Having been a contractor earlier in life, Bryan Barlow of Spirotech knows first hand the problems of trying to commission wet systems and obtain repeatable readings to achieve hand over. The commissioning period had to be extended as a direct result of there being air in the system.
Bryan Barlow: contractors should take advantage of Spirotech's CIBSE accredited CPD courses

The costs incurred through extended time on site can be dramatic but this seems to be the norm for all projects, ignoring the amount of money that is just thrown at the problem.

Despite having sold deairation products into the marketplace for many yeas, I am still surprised that a technical solution is not highly valued considering the problems its solves.
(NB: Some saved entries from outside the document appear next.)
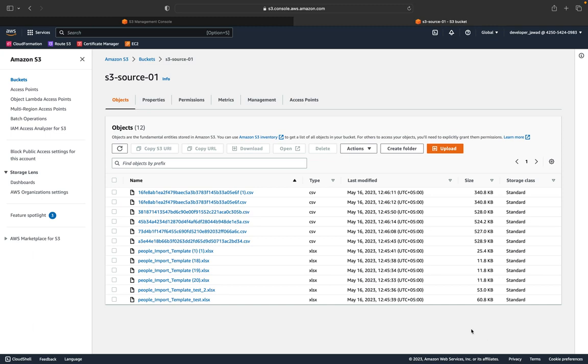If you have millions of records and you want to move them from one AWS account to another using a traditional way, it will take a lot of time. If you have one TB or two TB of files and you want to move them, it will take almost two or three days. To solve this issue, I will today work with the DataSync service of AWS.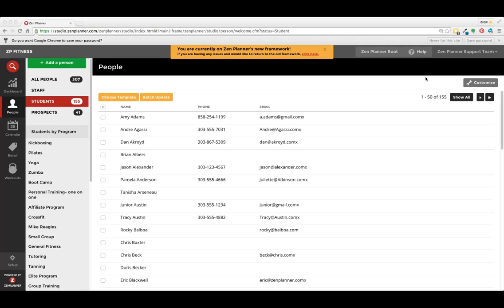In this session, we're going to show you how to sign up a member. The first thing you'll do is click on people on the left side of the screen. Then we click on add a person.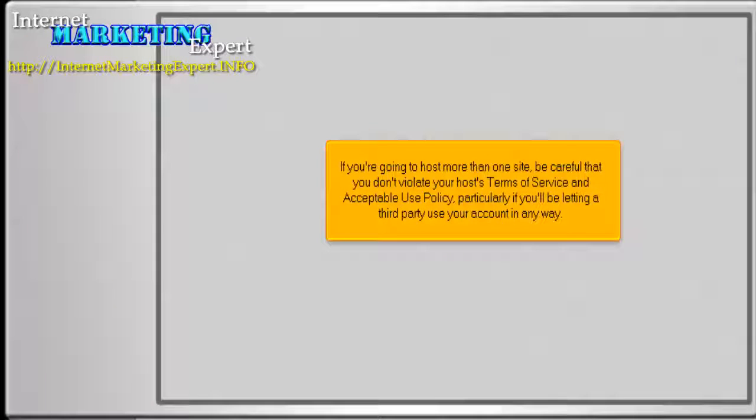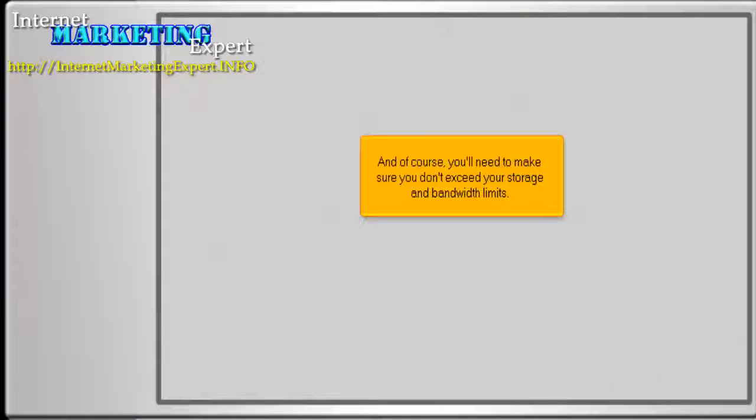If you're going to host more than one site, be careful that you don't violate your host's terms of service and acceptable use policy, particularly if you'll be letting a third party use your account in any way. And of course, you'll need to make sure you don't exceed your storage and bandwidth limits.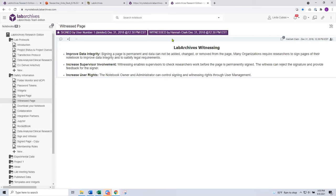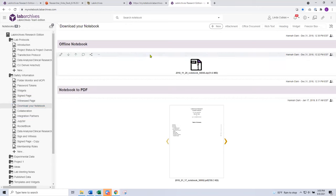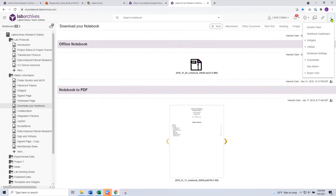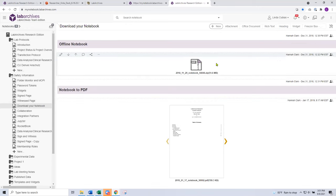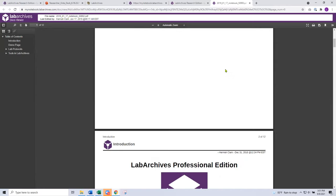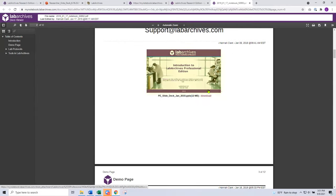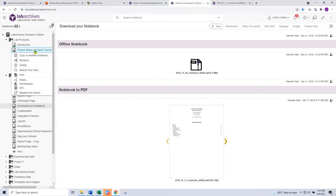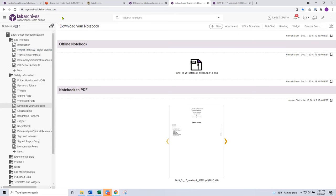The final thing I want to cover is your downloading options. You can download your notebook in two different ways — as an offline zip file or as a PDF. These features are available from the skewer icon under utilities, where you can choose 'Offline Notebook' or 'Notebook to PDF.' The zip file option gives you your entire notebook available offline, including every attachment. The PDF option is a little different — instead of every attachment, you get a link to download your attachments separately. As a reminder, you can right-click on a section of a notebook — the page level, entry level, or folder level — to download using the PDF feature.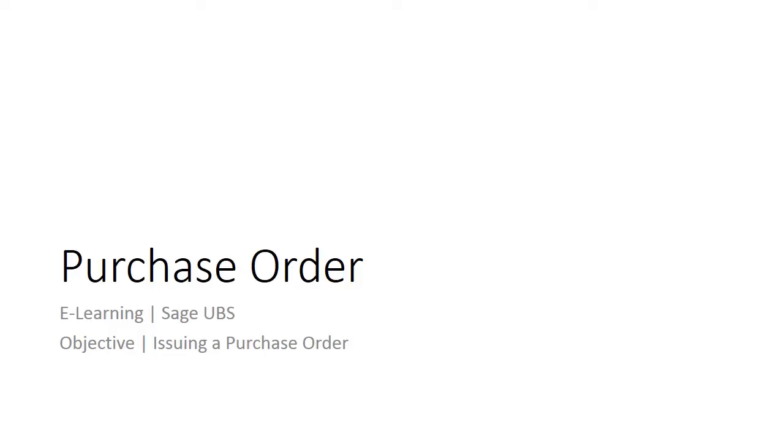This topic demonstrates where and how to enter purchase order information in Sage UBS 2015.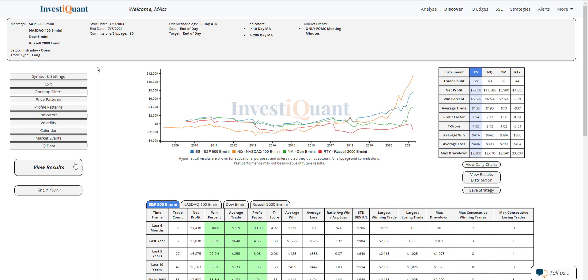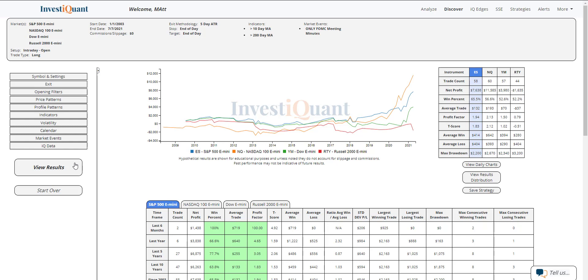When you look at the average win and average loss, they're very similar in size for the S&P. The NASDAQ has a sizably larger average win compared to its average loss. The average win is larger for the Dow compared to its average loss. And the Russell is the only one that has had larger average losses compared to its average win. So the wins have been a little bit larger for the NASDAQ and the Dow compared to the losses. The Russell's had larger average losses and the S&P is very similar in size.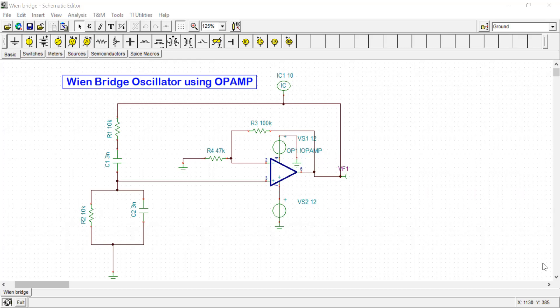So in this lab, we are going to design one Wien Bridge RC oscillator using OpAmp in TINA-TI platform.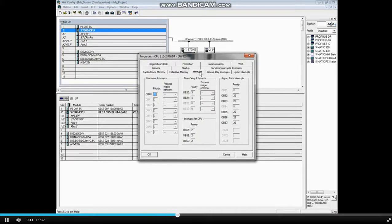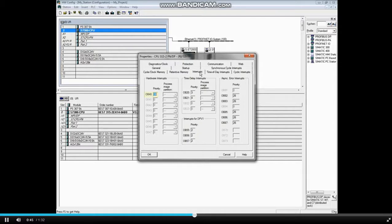For example, if OB40 with priority 16 has just been launched, but there is a PROFIBUS or PROFINET network failure, OB86 with priority 26 would interrupt and execute.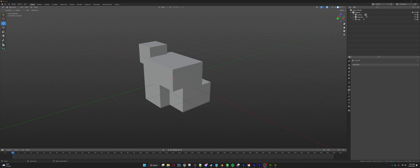Hello everyone, Lazy Modding here. We're going to be going over how to make custom dirt and wear maps for Farming Simulator 22 — specifically in Blender, Substance Painter, and then finally Giants Editor. If you have not watched how to UV unwrap or how to apply textures, I recommend watching those videos first. I'll include a link to those in the description.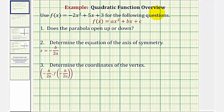Welcome to a quadratic function overview. In this video we'll find all the major components of a given quadratic function, as well as graph the quadratic function. We're given f(x) equals negative two x squared plus five x plus three.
A deaerator is currently viewed as just a pipeline product and is just added into the specification without due consideration to design requirements for the full installation.

Occupancy of a building can affect the selection of correct deaeration products so it is important to discuss this at the design stage.

The buyer or engineer obtains quotes and will make the final decision. (The cheapest one generally wins even though everyone knows that the cheapest is not always the best.)
Currently deaeration has no benchmark, so anything goes. Deaeration is only approximately 0.2 per cent of the total mechanical contract, but when placing orders the prerequisite is how much can be saved on 0.2 per cent of the contract value. The additional cost, which is generally very small, in actual fact pays for all R&D.

After installation, the contractor struggles to commission, which can result in a delay of a week - a few mens' work. Plus there are sub-contract commissioning engineers; plus site establishment costs, resulting in late payment of final account and retention monies. The total cost of a week can be at least £10,000/£15,000 on a moderate contract.

Correct deaeration and dirt separation may have cost £5,000 or even less but acts as an insurance policy against future delays.

By coupling pressurisation to deaeration and dirt separation, virtually all qualitycontrol aspects of the system water are covered.

Pressurisation should be viewed simply. The expansion vessels should be slightly oversized so the pump is then only used infrequently or in an emergency, because of a leak for example. All expansion water is contained within the correctly sized vessels to provide a trouble-free life. Spirotech can provide rapid deaeration without further manual venting after the first vent.

After allowing the deaerator a few days to work its magic, contractors can commission without delay.

There is also no need for pump suction strainers; no call backs during the defects liability period; no blocked heat exchangers (extending heat exchanger life); an extended life of pump seals (no magnetite wear or cavitation effect); full output of all heat emitters and absorbers in the system making operation and fuel usage significantly more efficient.